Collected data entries
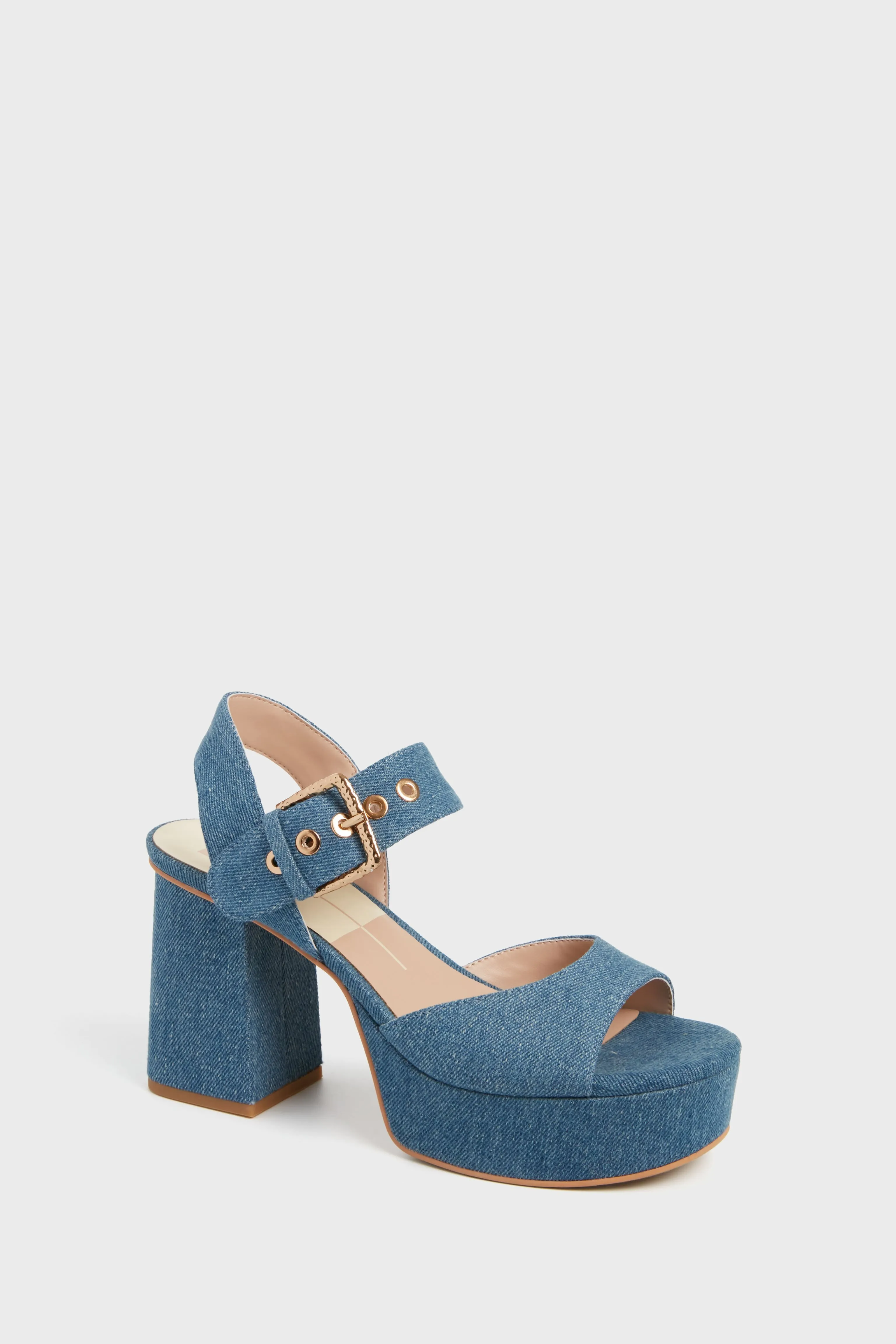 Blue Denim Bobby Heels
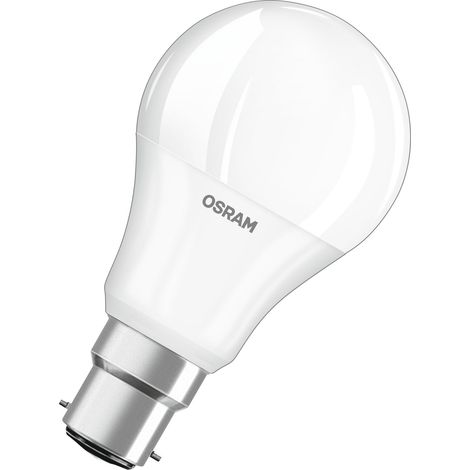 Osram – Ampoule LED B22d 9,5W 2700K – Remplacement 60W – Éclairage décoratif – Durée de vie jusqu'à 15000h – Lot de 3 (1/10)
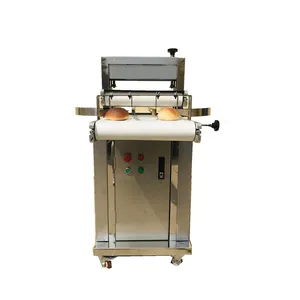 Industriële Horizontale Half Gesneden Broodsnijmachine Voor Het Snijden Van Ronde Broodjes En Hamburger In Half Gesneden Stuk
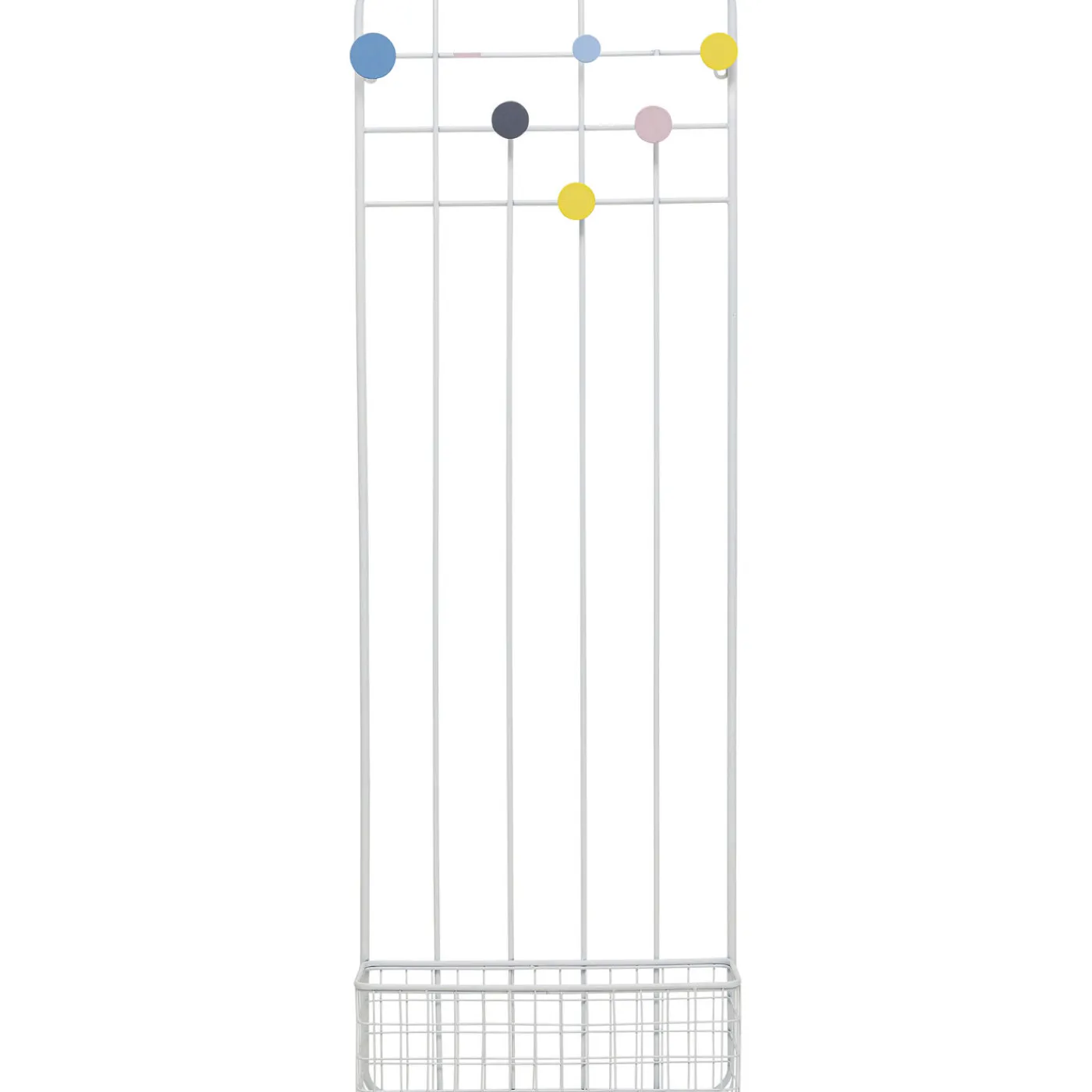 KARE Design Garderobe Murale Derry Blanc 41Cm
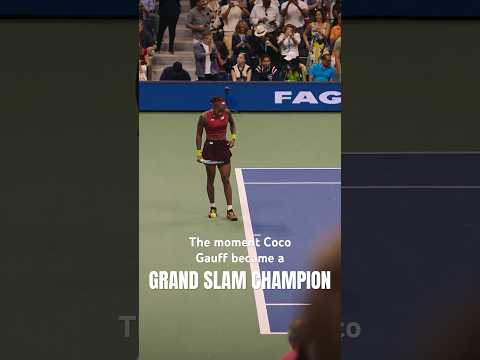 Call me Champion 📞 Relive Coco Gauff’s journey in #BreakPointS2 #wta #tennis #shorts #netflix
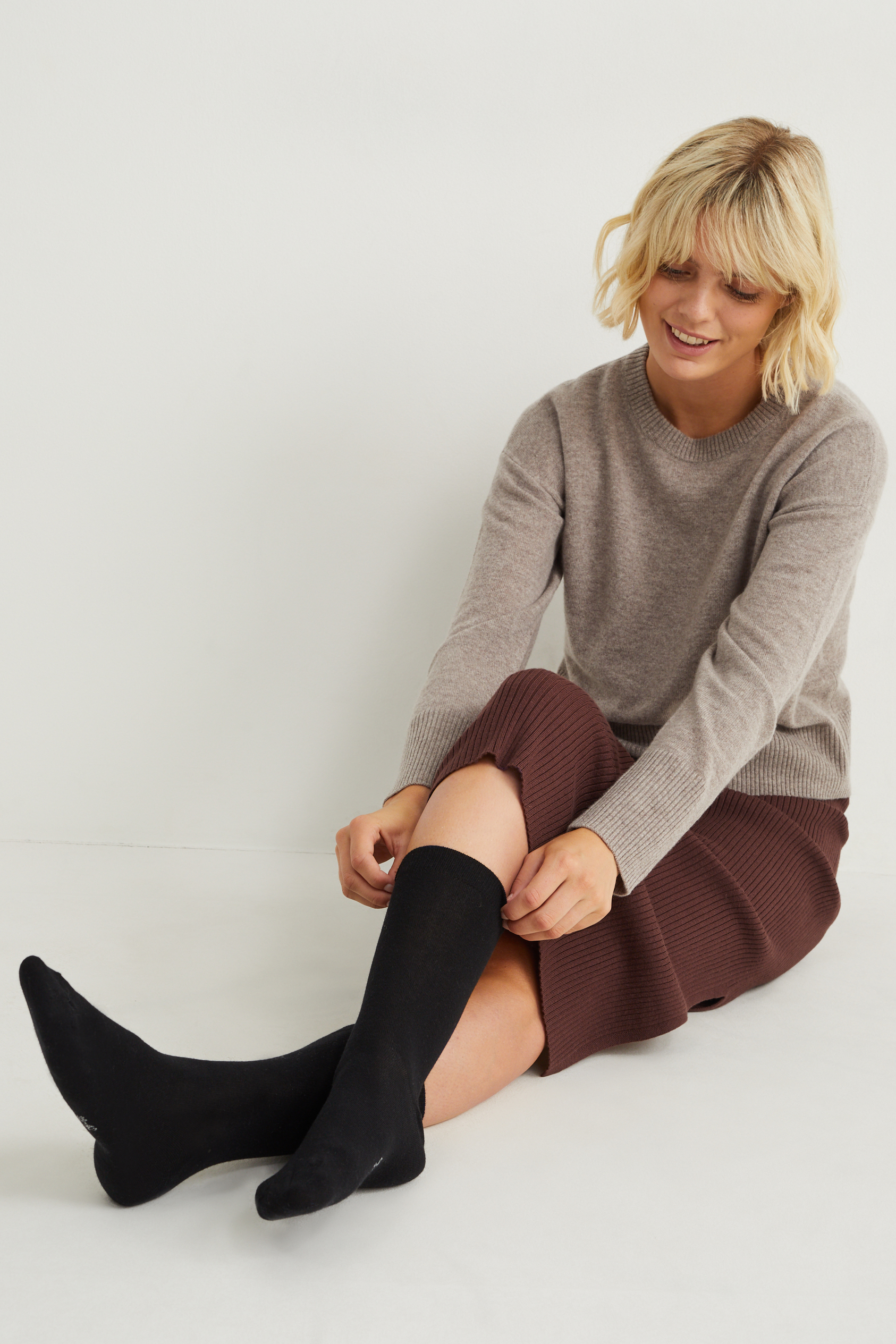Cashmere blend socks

Aim of the exercise:
Return all the lines above exactly; none of the pictures should appear.

Response to this task:
 Blue Denim Bobby Heels
 Osram – Ampoule LED B22d 9,5W 2700K – Remplacement 60W – Éclairage décoratif – Durée de vie jusqu'à 15000h – Lot de 3 (1/10)
 Industriële Horizontale Half Gesneden Broodsnijmachine Voor Het Snijden Van Ronde Broodjes En Hamburger In Half Gesneden Stuk
 KARE Design Garderobe Murale Derry Blanc 41Cm
 Call me Champion 📞 Relive Coco Gauff’s journey in #BreakPointS2 #wta #tennis #shorts #netflix
Cashmere blend socks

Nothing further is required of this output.